A man nitpicks about his wife's thoughtless, inocuous comment. He's jealous of people who are more successful than he is. He's prone to a bit of road rage when he forgets himself. He's a good man who feels bad about himself. Why? Not because he's actually failed at anything. Just because his expectations are set too high, for himself and for others. How does that happen? Because no one ever quite taught him that being human means making mistakes, being vulnerable, failing at some things and not at others and that's OK.
Learning tolerance towards oneself and others should begin in early childhood. It comes from being accepted, supported when things go wrong and taught to learn from mishaps and mistakes and from being helped and praised rather than criticized,.How many children get that kind of treatment in their homes and schools? We're not talking about overindulgence, spoiling or false aggrandizement but honest feedback without shame or humiliation. We're talking about respect, which breeds self-respect.

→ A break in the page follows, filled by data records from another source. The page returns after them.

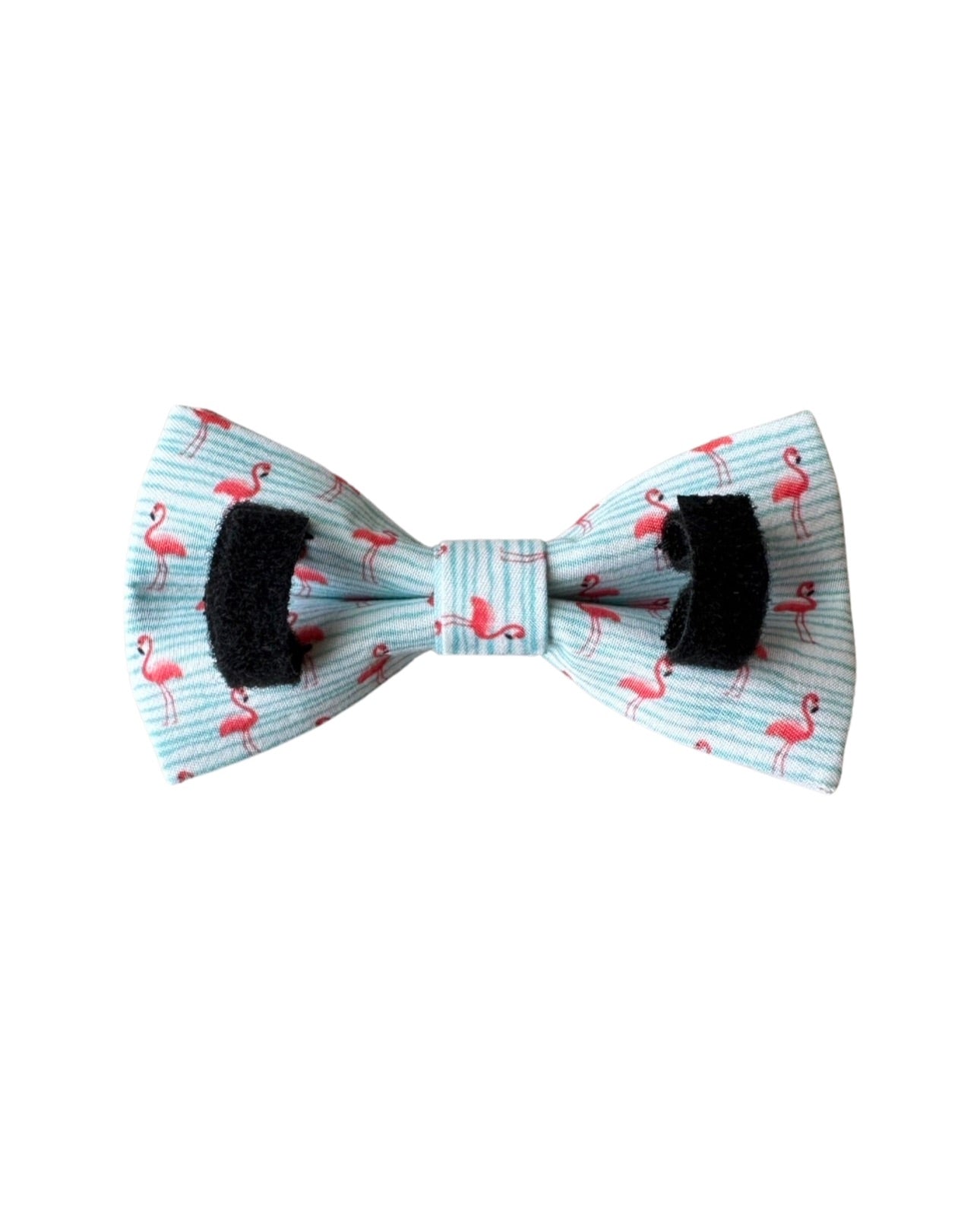 The Doggie Bow Tie - Aruba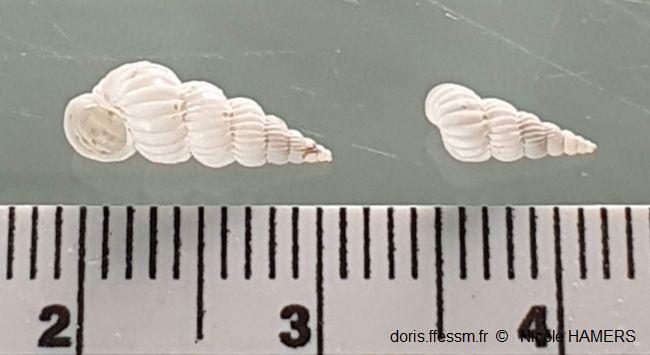 Epitonium_clathratulum_nh_02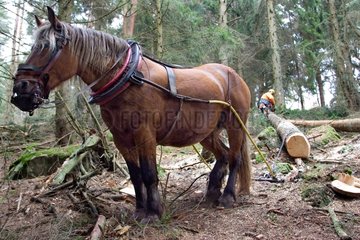 Hauling in forest with a draught horse Comtois Vosges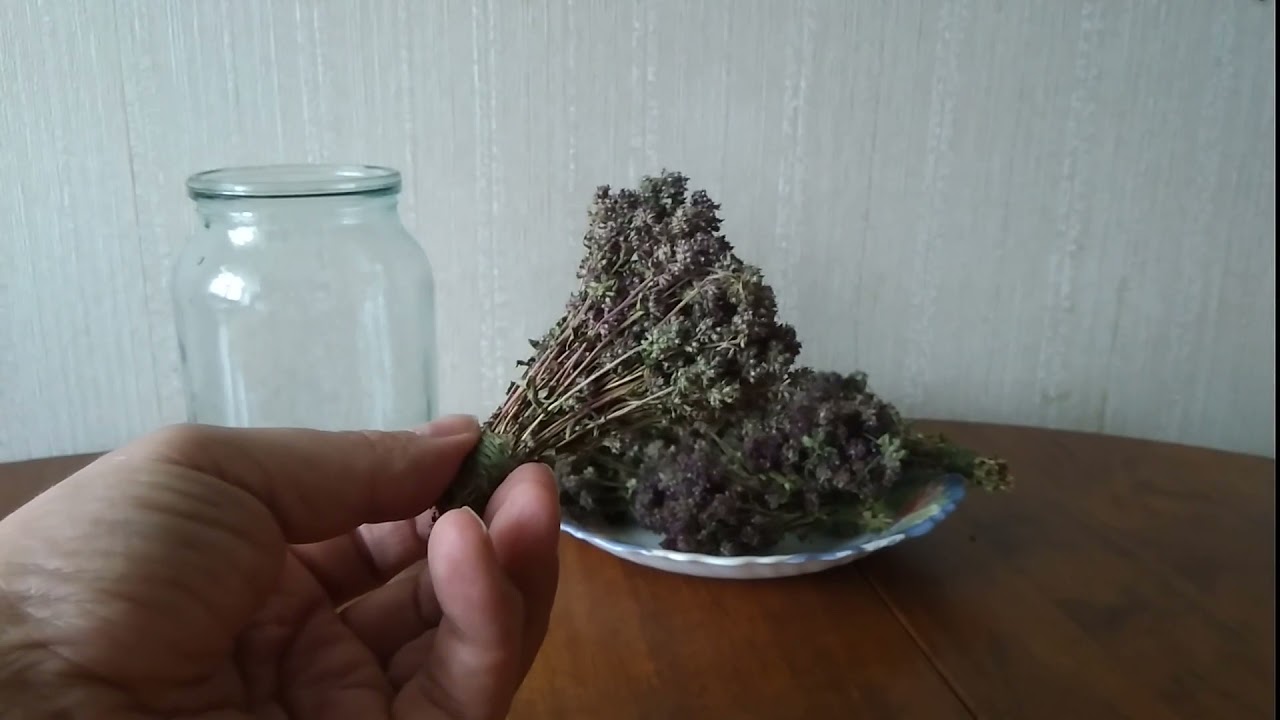 Чабрец. Как я завариваю и пропиваюсь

Is it too late to help the man who feels like a loser at his worst and OK at his best? It's never too late for improvement. Someone needs to tell him that he can offer himself greater happiness and appreciation by expecting less of himself and others, acceopting and tolerating weakness, and comforting himself when things go wrong. As he grows in patience and becomes outwardly less demanding and disappointed, his inner rage will dissipate, and his potential for happiness will increase.